The single largest factor in confused territorial claims and counter-claims in the South China Sea is China’s hotly disputed insistence that it has sovereignty over nearly all of the sea as defined by its acquisitive Nine Dash Line. One-third of all global shipping passes through the sea, and there are large untapped oil and mineral reserves below the water. All of the South China Sea’s littoral states have some competing claims, but none are so wide-ranging or dangerously damaging to international stability as China’s.

China first built a shaky-looking structure on Mischief Reef in 1995 but what has caused great alarm this week is that the US Navy has just revealed that China is currently engaged in building large sandbanks on shallow submerged coral reefs in the Spratly and Paracel Islands, reinforcing them with concrete quays, and then constructing buildings and harbours. These “forward naval stations” mean China is strengthening its military presence in these sensitive islands where it disputes the status quo shared by Taiwan, the Philippines, Brunei, Malaysia, Indonesia and Vietnam.
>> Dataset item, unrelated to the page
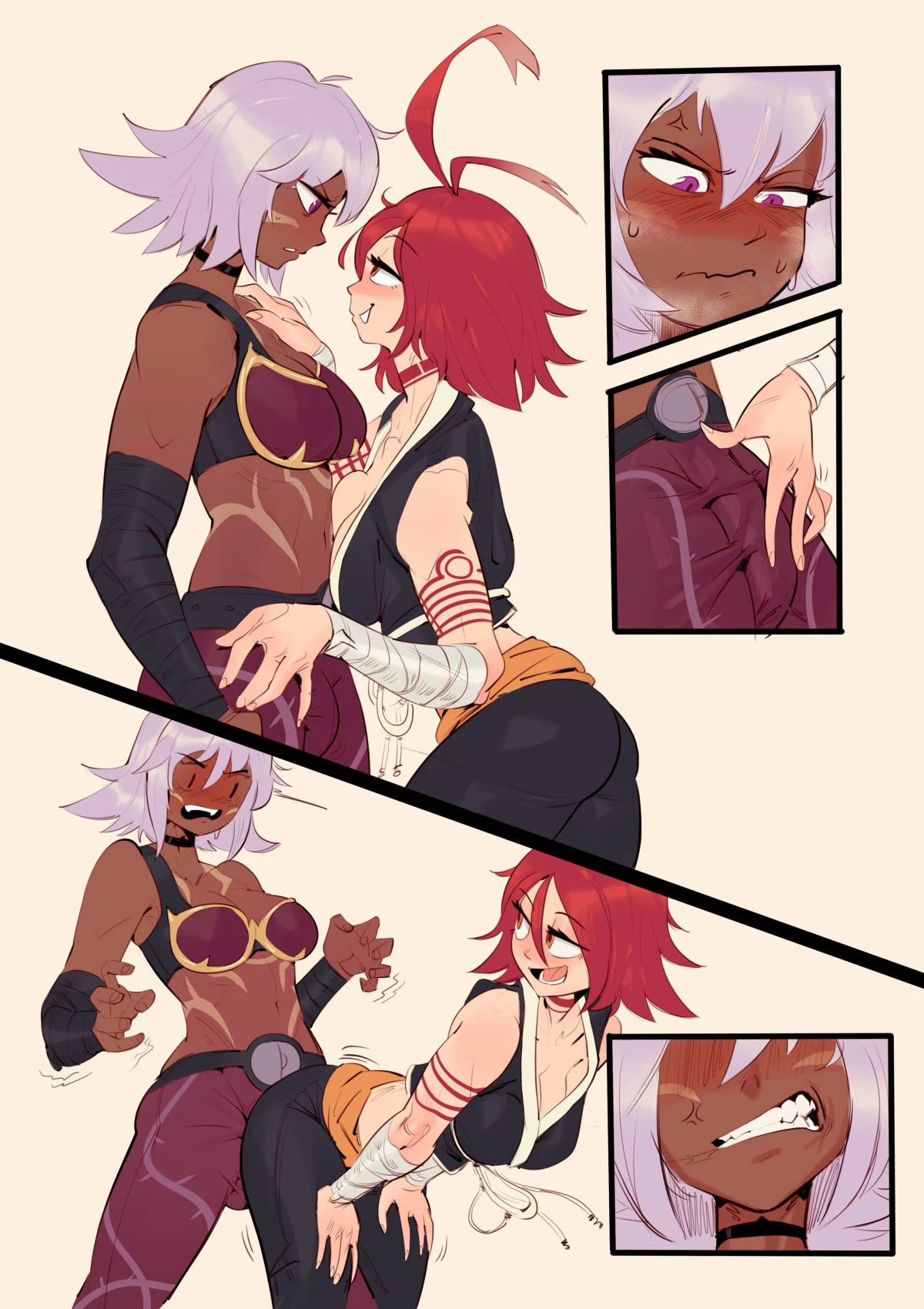 .Hack// porn comic picture 1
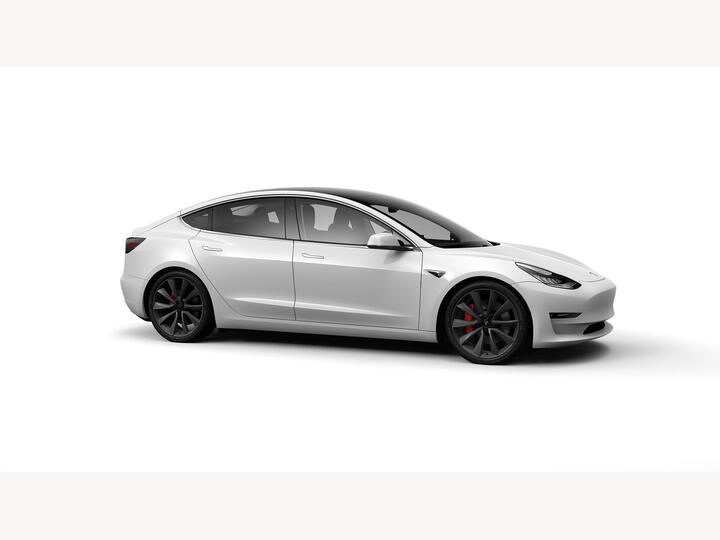 Tesla Model 3 (Dual Motor) Performance Auto 4WDE 4dr (Performance Upgrade)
Rather than heading for a dangerous military clash with incalculable effects on vital international shipping routes, the better way forward would be to work with the 2002 China-Asean Declaration of Conduct, in which all the parties committed to “exercise self-restraint in the conduct of activities that would complicate or escalate disputes and affect peace and stability”. This does not include building fortified sandbanks. And it does not include letting China’s Foreign Minister Wang Yi get away with claiming that China’s construction work is “legal and reasonable”.